Acts 9:5-6 KJV
⁵And he [Saul] said, Who art thou, Lord? And the Lord said, I am Jesus whom thou persecutest: IT IS HARD FOR THEE TO KICK AGAINST THE PRICKS. ⁶AND HE TREMBLING AND ASTONISHED SAID, LORD, WHAT WILT THOU HAVE ME TO DO? AND THE LORD SAID UNTO HIM, Arise, and go into the city, and it shall be told thee what thou must do.
All in bold type is omitted in modern versions. See per example the following.
Acts 9:5-6 AMP
And Saul said, “Who are You, Lord?” And He answered, “I am Jesus whom you are persecuting, now get up and go into the city, and you will be told what you must do.”
Acts 9:5-6 NASB
⁵And he [Saul] said, “Who are You, Lord?” And He said, “I am Jesus whom you are persecuting, but get up and enter the city, and it will be told you what you must do.”
The Acts 9:5-6 RV1885
And he [Saul] said, Who art thou, Lord? And he said , I am Jesus whom thou persecutest: but rise, and enter into the city, and it shall be told thee what thou must do.

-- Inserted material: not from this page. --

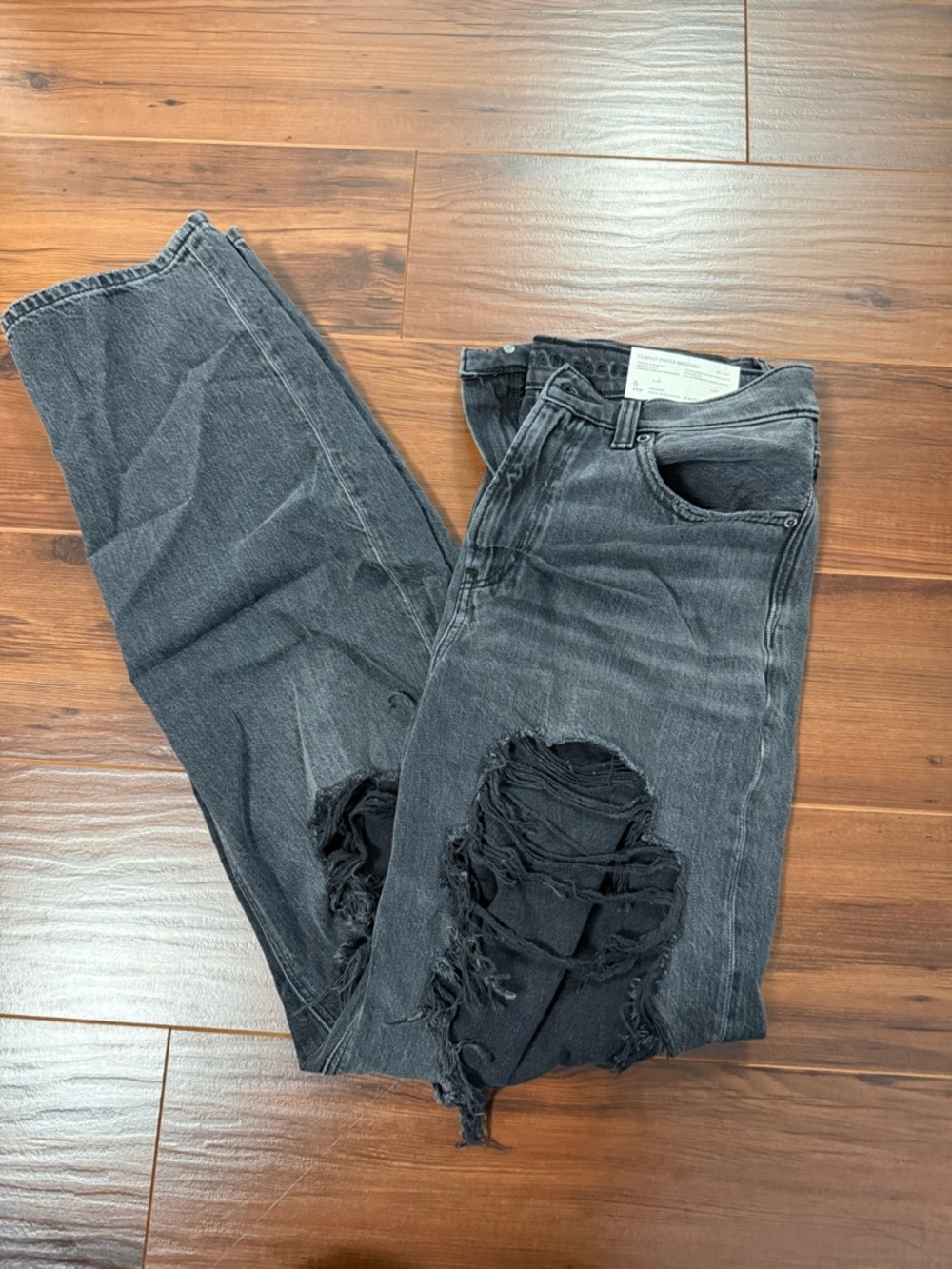 American Eagle Outfitters Washed Black High-Rise Jeans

The reason why the passage in question is omitted from virtually all modern versions (including both Majority Text editions) – frequently without even a footnote – is quite persuasive.

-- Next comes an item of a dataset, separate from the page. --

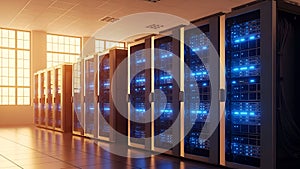 Server Room Data Center Modern Network and Cloud Computing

As Bruce M. Metzger puts it, “As far as known, no Greek witness reads these words at this place. They have been taken from Acts 26:14 and Acts 22:10, and are found here in codices of the Vulgate…
The spurious passage came into the Textus Receptus when Erasmus translated it from the Latin Vulgate and inserted it in his first edition of the Greek New Testament (Basel, 1516).
The 18th century Bible scholar, Johann David Michaelis, wrote (1749), “[This] long passage … has been found in not a single Greek manuscript, not even in those which have been lately (ca. 1785) collated by Matthai. It is likewise wanting in the Complutensian edition; but it was inserted by Erasmus [translating it from the Latin Vulgate], and upon his authority it has been adopted by the other editors of the Greek Testament… This passage then, which later editors have copied from Erasmus, and which is contained in our common editions, is not only spurious, but was not even taken from a Greek manuscript.”
The passage does not appear in the Complutensian Polyglot (1516) and noted as doubtful in Wettstein’s 1763 London edition, and since then it scarcely appeared in the main text and sometimes not even as a footnote in editions of the Greek New Testament and modern translations.